Drones’ small size, low cost and long-lasting batteries have made them popular in research and business. Scientists deploy the machines to study everything from atmospheric science to zoology, and companies are eager to harness them for aerial photography and package delivery. This has put the FAA under pressure to develop regulations prohibiting uses of drones that compromise safety or violate privacy. A few years ago, the US Congress ordered the FAA to develop such rules by September 2015. But in a report this July, the US Department of Transportation’s inspector general expressed doubt that the FAA would make its deadline.

The administration has shut down almost all commercial drone flights until those regulations are in place — to the ire of some researchers. “The FAA’s severe restrictions on research and education are out of all proportion to the actual risks posed by small-model aircraft used responsibly on private property,” says Paul Voss, an engineer who does atmospheric research at Smith College in Northampton, Massachusetts. On 25 July, Voss and 28 of his colleagues wrote to the FAA outlining their concerns.
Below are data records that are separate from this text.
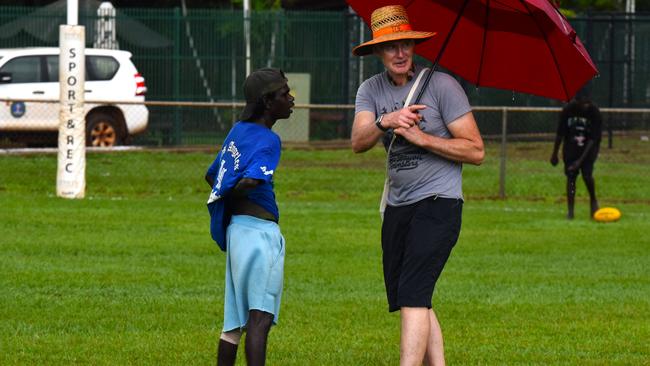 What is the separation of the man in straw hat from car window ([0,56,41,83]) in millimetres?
18960

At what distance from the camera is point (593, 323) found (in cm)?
988

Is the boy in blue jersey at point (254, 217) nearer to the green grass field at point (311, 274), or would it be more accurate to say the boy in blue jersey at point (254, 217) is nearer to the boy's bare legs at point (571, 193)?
the green grass field at point (311, 274)

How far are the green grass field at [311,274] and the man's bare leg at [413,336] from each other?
4.69 feet

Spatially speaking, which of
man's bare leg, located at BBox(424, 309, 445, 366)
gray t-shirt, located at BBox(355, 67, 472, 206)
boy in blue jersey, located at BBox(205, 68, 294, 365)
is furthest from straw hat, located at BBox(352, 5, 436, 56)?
man's bare leg, located at BBox(424, 309, 445, 366)

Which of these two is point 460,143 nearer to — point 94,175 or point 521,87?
point 521,87

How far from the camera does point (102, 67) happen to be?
25.9m

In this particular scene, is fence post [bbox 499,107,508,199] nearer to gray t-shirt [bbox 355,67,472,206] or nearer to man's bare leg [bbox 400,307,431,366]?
gray t-shirt [bbox 355,67,472,206]

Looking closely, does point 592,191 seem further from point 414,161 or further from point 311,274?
point 414,161

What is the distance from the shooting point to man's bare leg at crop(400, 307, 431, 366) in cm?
690

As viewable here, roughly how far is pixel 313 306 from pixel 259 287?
3743mm

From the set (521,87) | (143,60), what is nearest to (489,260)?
(521,87)

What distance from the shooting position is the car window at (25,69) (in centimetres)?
2520

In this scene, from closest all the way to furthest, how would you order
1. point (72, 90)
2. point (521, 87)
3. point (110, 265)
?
point (521, 87) → point (110, 265) → point (72, 90)

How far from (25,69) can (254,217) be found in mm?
19292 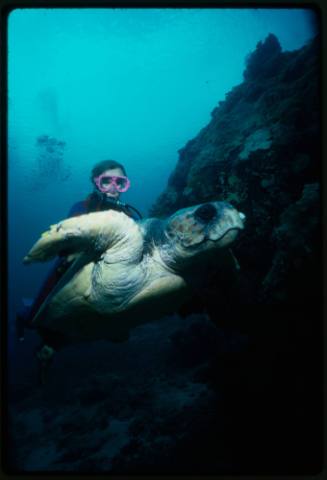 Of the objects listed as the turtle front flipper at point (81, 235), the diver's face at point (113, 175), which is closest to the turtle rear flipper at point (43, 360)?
the turtle front flipper at point (81, 235)

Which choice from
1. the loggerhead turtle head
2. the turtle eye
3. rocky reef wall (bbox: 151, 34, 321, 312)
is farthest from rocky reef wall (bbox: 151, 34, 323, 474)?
the turtle eye

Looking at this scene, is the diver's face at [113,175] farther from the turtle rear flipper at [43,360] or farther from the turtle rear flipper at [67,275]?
the turtle rear flipper at [43,360]

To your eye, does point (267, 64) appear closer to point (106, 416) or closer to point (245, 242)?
point (245, 242)

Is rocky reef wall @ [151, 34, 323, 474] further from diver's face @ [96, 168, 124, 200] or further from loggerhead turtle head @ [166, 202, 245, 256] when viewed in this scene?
diver's face @ [96, 168, 124, 200]

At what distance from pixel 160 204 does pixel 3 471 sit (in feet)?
16.9

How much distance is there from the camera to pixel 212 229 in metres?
1.68

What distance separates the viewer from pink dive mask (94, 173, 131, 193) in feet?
10.6

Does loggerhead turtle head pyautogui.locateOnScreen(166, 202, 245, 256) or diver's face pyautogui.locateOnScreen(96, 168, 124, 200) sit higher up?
diver's face pyautogui.locateOnScreen(96, 168, 124, 200)

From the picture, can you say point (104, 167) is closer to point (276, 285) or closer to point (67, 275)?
point (67, 275)

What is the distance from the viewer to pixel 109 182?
3.25 meters

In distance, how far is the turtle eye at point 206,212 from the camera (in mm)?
1679

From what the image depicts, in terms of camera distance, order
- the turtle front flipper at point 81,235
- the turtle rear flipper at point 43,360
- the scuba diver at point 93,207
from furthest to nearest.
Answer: the turtle rear flipper at point 43,360
the scuba diver at point 93,207
the turtle front flipper at point 81,235

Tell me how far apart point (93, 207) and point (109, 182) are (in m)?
0.78

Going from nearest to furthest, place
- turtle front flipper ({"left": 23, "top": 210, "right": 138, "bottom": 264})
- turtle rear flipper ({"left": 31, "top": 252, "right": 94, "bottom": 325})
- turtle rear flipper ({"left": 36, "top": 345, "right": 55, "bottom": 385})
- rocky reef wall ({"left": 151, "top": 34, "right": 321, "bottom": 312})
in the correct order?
turtle front flipper ({"left": 23, "top": 210, "right": 138, "bottom": 264})
turtle rear flipper ({"left": 31, "top": 252, "right": 94, "bottom": 325})
rocky reef wall ({"left": 151, "top": 34, "right": 321, "bottom": 312})
turtle rear flipper ({"left": 36, "top": 345, "right": 55, "bottom": 385}) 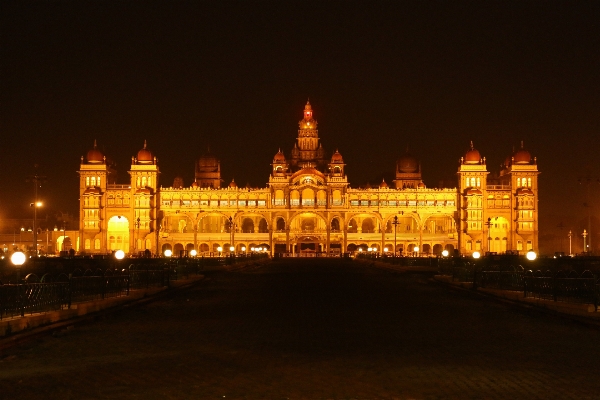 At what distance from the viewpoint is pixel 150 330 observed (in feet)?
61.9

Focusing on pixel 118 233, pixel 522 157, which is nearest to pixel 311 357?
pixel 118 233

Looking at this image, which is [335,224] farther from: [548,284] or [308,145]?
[548,284]

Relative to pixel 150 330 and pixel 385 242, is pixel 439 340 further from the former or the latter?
pixel 385 242

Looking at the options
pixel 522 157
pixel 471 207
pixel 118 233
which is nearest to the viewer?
pixel 471 207

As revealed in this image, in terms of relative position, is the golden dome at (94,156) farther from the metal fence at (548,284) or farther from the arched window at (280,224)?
the metal fence at (548,284)

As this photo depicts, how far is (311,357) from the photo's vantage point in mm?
14461

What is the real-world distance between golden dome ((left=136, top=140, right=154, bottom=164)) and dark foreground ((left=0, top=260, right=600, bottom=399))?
381 feet

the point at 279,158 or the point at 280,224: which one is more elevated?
the point at 279,158

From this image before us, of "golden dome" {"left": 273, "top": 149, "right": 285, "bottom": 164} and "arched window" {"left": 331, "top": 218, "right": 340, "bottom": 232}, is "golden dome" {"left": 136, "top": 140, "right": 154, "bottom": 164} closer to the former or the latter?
"golden dome" {"left": 273, "top": 149, "right": 285, "bottom": 164}

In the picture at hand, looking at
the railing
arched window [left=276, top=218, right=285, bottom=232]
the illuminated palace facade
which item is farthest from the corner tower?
the railing

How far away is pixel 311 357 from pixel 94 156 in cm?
12908

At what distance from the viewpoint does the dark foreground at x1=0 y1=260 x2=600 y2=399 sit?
1148 cm

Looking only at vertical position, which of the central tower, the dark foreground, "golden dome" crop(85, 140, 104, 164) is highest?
the central tower

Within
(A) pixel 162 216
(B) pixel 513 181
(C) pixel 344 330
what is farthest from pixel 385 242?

Because the agency is forbidden by law to put such severe restrictions on model aircraft flown by hobbyists, they say, it has established a bizarre double standard in which recreational users can pilot drones but trained researchers cannot.
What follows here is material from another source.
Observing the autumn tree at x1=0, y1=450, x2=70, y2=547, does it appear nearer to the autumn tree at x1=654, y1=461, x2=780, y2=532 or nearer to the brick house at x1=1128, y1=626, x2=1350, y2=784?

Geographer Scott Drzyzga of Shippensburg University in Pennsylvania, for example, enjoys flying small helicopters in his free time, and had hoped to show his students how to use them to capture geographical information. “There are things I can do as a recreational user that I cannot do in front of my students,” he says. “It’s frustrating.”
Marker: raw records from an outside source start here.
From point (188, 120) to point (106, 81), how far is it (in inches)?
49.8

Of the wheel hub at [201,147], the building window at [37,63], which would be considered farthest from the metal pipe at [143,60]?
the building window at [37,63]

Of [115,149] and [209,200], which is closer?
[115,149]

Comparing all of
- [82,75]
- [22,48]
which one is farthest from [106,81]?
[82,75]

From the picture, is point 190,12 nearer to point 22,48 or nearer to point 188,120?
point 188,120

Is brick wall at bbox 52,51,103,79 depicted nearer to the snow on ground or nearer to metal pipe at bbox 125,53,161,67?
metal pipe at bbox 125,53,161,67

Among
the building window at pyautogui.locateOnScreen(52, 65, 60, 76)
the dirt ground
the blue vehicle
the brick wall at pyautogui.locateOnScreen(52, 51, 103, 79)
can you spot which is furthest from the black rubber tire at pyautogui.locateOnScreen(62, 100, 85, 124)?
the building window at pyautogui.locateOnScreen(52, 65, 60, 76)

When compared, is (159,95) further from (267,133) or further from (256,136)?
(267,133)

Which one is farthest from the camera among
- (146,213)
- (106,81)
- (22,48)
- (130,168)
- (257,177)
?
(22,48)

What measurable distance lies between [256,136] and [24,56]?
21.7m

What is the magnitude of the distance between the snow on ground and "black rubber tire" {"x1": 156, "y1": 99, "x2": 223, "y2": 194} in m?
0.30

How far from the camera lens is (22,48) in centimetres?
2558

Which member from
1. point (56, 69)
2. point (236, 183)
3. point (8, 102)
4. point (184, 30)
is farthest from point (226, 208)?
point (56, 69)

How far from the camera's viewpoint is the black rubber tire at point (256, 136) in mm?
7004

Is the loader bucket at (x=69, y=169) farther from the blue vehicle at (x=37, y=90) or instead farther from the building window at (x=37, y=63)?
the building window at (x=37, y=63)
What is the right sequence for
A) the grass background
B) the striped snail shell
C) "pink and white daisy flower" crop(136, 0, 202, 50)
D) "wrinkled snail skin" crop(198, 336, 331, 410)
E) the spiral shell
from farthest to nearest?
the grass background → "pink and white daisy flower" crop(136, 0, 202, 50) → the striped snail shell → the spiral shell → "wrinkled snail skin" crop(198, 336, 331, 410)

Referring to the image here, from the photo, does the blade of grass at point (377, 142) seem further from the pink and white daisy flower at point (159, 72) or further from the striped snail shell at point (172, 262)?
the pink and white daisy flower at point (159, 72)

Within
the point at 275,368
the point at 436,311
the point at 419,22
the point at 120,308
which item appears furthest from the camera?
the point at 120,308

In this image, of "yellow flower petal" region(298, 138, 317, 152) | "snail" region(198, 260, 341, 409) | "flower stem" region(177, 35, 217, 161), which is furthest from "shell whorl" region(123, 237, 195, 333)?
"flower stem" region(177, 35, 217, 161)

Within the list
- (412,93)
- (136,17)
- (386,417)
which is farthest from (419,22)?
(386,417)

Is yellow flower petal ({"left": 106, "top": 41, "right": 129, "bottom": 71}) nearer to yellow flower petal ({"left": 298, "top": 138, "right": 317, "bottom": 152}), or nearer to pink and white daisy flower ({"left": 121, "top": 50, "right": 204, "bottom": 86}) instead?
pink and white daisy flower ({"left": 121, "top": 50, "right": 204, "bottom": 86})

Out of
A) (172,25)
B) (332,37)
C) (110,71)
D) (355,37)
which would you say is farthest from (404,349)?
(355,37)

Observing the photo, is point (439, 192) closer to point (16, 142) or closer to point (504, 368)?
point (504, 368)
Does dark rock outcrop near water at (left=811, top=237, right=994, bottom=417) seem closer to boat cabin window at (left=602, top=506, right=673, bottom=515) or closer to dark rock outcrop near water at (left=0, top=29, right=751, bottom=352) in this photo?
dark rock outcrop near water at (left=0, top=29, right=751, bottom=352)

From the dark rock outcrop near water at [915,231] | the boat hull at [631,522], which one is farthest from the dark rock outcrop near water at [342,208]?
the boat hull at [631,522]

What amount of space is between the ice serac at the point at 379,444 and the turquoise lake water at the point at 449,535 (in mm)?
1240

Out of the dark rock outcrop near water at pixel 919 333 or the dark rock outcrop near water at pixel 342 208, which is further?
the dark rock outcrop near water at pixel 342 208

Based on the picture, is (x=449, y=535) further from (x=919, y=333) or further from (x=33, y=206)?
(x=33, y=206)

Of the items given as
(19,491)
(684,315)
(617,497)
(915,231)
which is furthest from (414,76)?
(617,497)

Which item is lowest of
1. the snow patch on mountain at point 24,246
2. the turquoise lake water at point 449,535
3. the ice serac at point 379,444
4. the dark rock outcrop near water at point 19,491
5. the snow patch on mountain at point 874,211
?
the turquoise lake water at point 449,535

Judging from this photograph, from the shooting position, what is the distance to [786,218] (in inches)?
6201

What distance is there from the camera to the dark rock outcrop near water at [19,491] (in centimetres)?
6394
Alison Duquette, a spokesperson for the FAA, says that the distinction has been in place for years, and the agency has always made it clear.

Engineer Mary Cummings at Duke University in Durham, North Carolina, hopes to overcome the regulatory obstacle by teaming with colleagues at a nearby public university to test drones for wildlife tracking. But for now the FAA rules confine her to indoor testing — poor conditions for determining whether her machines can follow animals in the wild. “We are looking to go to another country to address this problem,” she says.

Even at public universities, red tape and legal fears have spooked researchers who want to use drones. Larry Purcell, a crop scientist at the University of Arkansas in Fayetteville, has used the devices to monitor the effects of drought on soya beans. He did not know that he was required to fill out a 50-page application for each field he wanted to survey. Instead, he sought and obtained verbal permission from FAA staff at a local airport. Shortly after his university issued a press release about his work in 2011, Purcell received a cease-and-desist letter from the FAA’s regional office. “It’s still very confusing as to what’s allowed right now and what’s not,” he says. Purcell has turned to kites to carry his cameras aloft, but the compromise has its shortcomings: no wind means no data.

Others at both public and private institutions have continued their work without notifying the agency. Several scientists contacted by Nature declined to describe their work with drones, for fear of drawing FAA attention.

And some have gone to extremes to stay out of trouble. A few years ago, Voss designed 200‑gram drones small enough to pack into a suitcase for field work in Antarctica. The craft worked well, but he has since got rid of them. “I don’t even want them in the lab,” he says. “I want to be squeaky clean.”